Amyotrophic lateral sclerosis (ALS) and related motor neuron degenerative diseases affect more than 30,000
people in the US, and 90% of patients die within five years of diagnosis. Although ALS and ALS-like disease
manifestation varies, all forms are characterized by progressive loss of motor neurons. These disorders have a
strong genetic component, and although more than 50 genes involved in ALS have been identified, much still
remains to be learned about the genes and mechanisms that contribute to ALS susceptibility and protection.
Aberrant RNA metabolism and processing plays an important mechanistic role in neurodegeneration, and
mutations in genes encoding RNA-binding proteins underscore several of the more common causes of ALS.

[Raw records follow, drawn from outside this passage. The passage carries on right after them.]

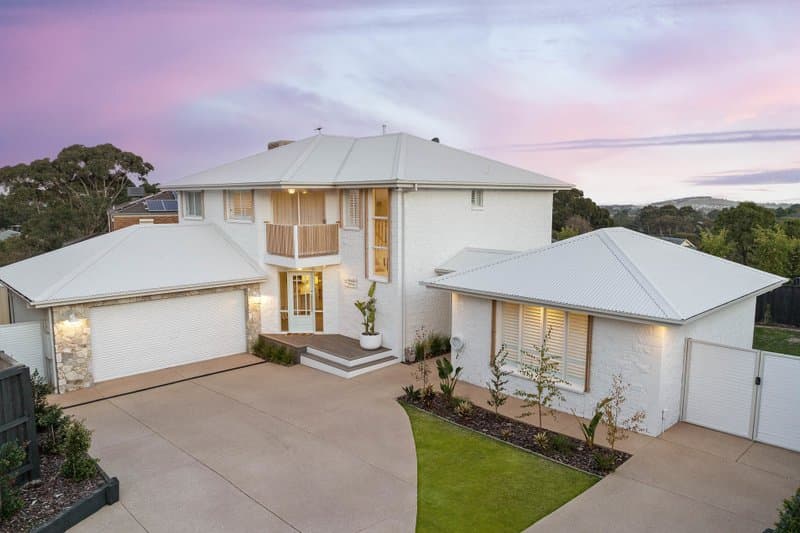 11 Hanke Place, Sunbury - Image 1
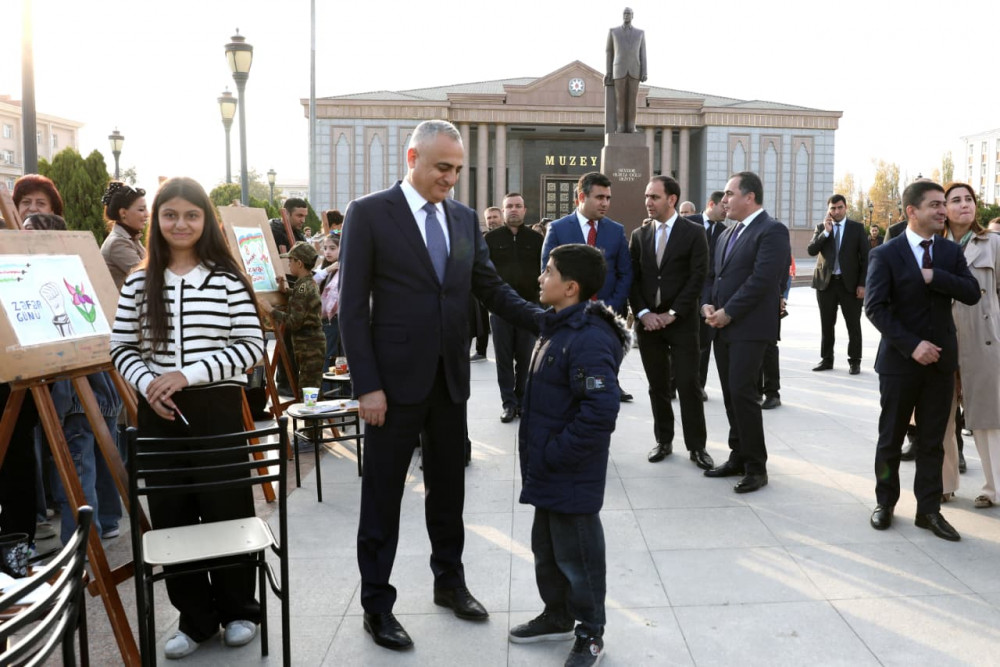 Səlahiyyətli nümayəndə hərbi paradı izləyib, istedadlı uşaqların rəsm sərgisi ilə tanış olub<font color=red> - FOTOLAR</font>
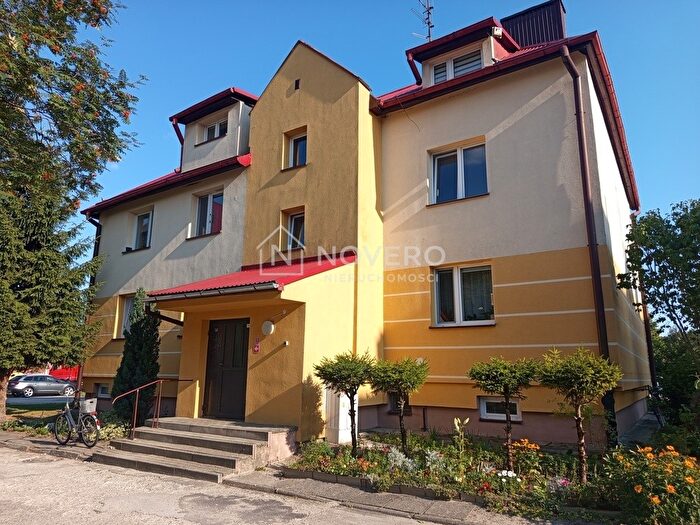 Mieszkanie 2-pokojowe na sprzedaż, Narol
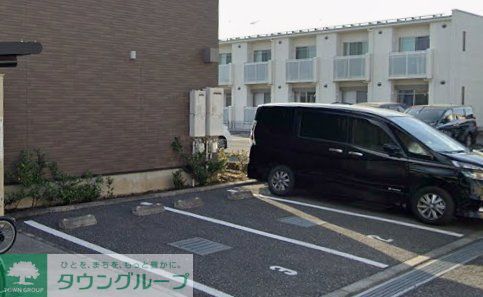 駐車場　駐車場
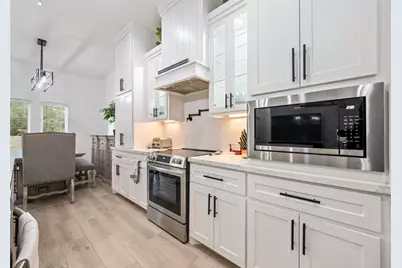 1040 S 13th Street, Aransas Pass, TX 78336 - Photo 7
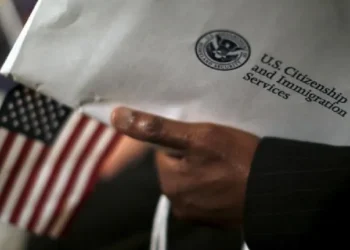 Getting-a-Green-Card-in-the-US-5-Things-To-Consider-visa-daily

The general idea that altered RNA metabolism and processing leads to neurodegenerative disease suggests
that additional genes encoding RNA-binding or RNA processing factors are likely to be involved in the genetics
of ALS and related neurodegenerative disorders. The ZNF106 gene encodes an RNA binding protein and maps
to human chromosome 15q15.1, the site of an incompletely described rare form of juvenile onset ALS. Genetic
inactivation of Zfp106, the mouse ortholog of ZNF106, results in an early onset, profound ALS-like
neurodegenerative phenotype with a corresponding loss of motor neurons, suggesting that this factor plays a
neuroprotective role in vivo and that its loss-of-function could be involved in ALS in humans. Zfp106 is expressed
in the nucleolus and nuclear speckles in both motor neurons and skeletal muscle and its function is essential for
maintenance of neuromuscular junctions in vivo. Zfp106 binds selectively to G-quadruplex-forming RNA
molecules and strongly associates biochemically with other RNA binding proteins, including several with strong
causative roles in ALS, further suggesting the possibility that Zfp106/ZNF106 might play a role in ALS. Consistent
with this notion, unpublished work has identified two unrelated patients with a rare, homozygous variant in
ZNF106 that is associated with adolescent onset ALS-like neurodegenerative disease. Introduction of the human
disease-associated ZNF106 variant into mouse Zfp106 also results in profound juvenile onset ALS-like
neurodegeneration similar to the disease observed in the patients and in Zfp106-null mice. This proposal will
test the hypotheses that mutations in human ZNF106 cause or contribute to ALS-like neurodegeneration and
that Zfp106 plays a protective role in maintaining neuromuscular junctions through its RNA binding function and
its autonomous functions in either motor neurons or skeletal muscle. Studies proposed in this application will
define the functional consequences ALS0associated ZNF106 variants by characterizing the ALS-like
neurodegenerative phenotype in mice harboring knock-in of the variant and by determining the effect of the
variant in cell culture-based and in vitro assays of ZNF106/Zfp106 protein function. These studies will also
determine the cell autonomous requirement for Zfp106 in motor neurons and skeletal muscle using conditional
genetic approaches in mice.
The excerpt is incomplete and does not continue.